In these experiments, Stelarc creates a brand new art form using science and technology in ways that are artistically pleasing, or aesthetic. Our notions of science and aesthetics are two concepts that have been undergoing redefinition for centuries.
I’ve studied the connections between art and science for 30 years, a passion first sparked while I was growing up in New York City as a kid interested in science in a city with some of the greatest art museums in the world. A few years after earning a doctorate in physics, I decided to focus on a question I was constantly asking myself: “What is the nature of creativity in science?” In studying the original German-language papers in relativity and quantum theory by Niels Bohr, Albert Einstein, Werner Heisenberg, and others, I was struck by the importance of visual imagery and aesthetics in scientists’ creativity.
In the early 1500s, Leonardo da Vinci made no distinction between art and science. The imaginative submarines and helicopters he designed and drew were as much art to him as the “Mona Lisa.” A century later, in 1687, Isaac Newton’s magisterial laws of motion led to the “Age of Reason,” in which the search for truth resided in science and art was relegated to mere ornamentation. It was not for another 300 years that art and science began to move closer again. The rise of industries fueled by spectacular developments in science and technology—the electrical dynamo, photography, and cinematography—plus scientific discoveries such as x-rays, radioactivity, and mathematicians’ explorations of multi-dimensional spaces inspired scientists and artists to new heights of abstraction.
Einstein was inspired to discover special relativity in 1905 by his desire to remove the asymmetries in nature implied by how scientists interpreted equations in the physics of that era. He found these asymmetries “unbearable” because he believed passionately in a pristine beauty in nature that he thought ought to be reflected in the mathematics of a scientific theory. In fact, Einstein introduced beauty — simplicity in explanations, a sense of proportion in equations — as a guideline in scientific research.
Developments in technology, science, and mathematics were also of central importance to artists. Pablo Picasso’s breakthrough 1907 painting, “Les Demoiselles d’Avignon,” contained the seeds of Cubism. Picasso interpreted X-rays, discovered in 1895, as revealing that what you see is not necessarily what you get, a keynote of Cubism in which forms are reduced to geometry.
Picasso’s Cubism led to Futurism and then to Surrealism. Yet these art movements used only the ideas of science and technology, not the media like actual X-rays or actual cinematography. All this changed in the second half of the 20th century when electronics became readily available. But artists could not use this material without help from scientists, which led to collaboration. The first major collaboration took place in 1966 when the scientist Billy Klüver brought together 30 colleagues from Bell Labs and 10 artists from the East Village, among them Robert Rauschenberg and John Cage.
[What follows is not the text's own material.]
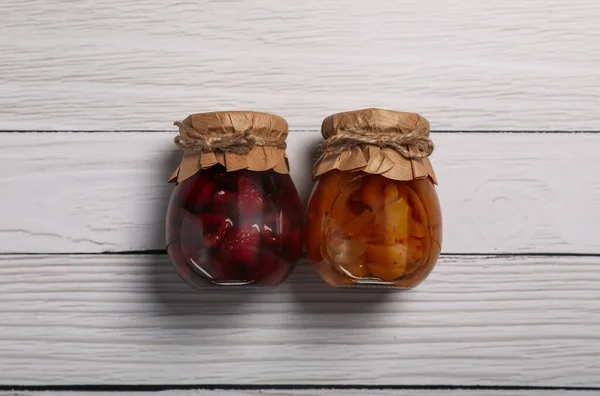 Üvegek Pácolt Gyümölcsökkel Fehér Asztalon Lapos Fektetés — Stock Fotó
This combustible mixture exploded in a series of performances called “9 Evenings: Theater and Engineering.” Rauschenberg’s performance started with a tennis match in which the lights automatically dimmed when each player hit the ball, while Cage filled the auditorium with a cacophony of sounds collected from various sources such as hotel kitchens and police and marine radio bands piped in from around the city through telephone lines.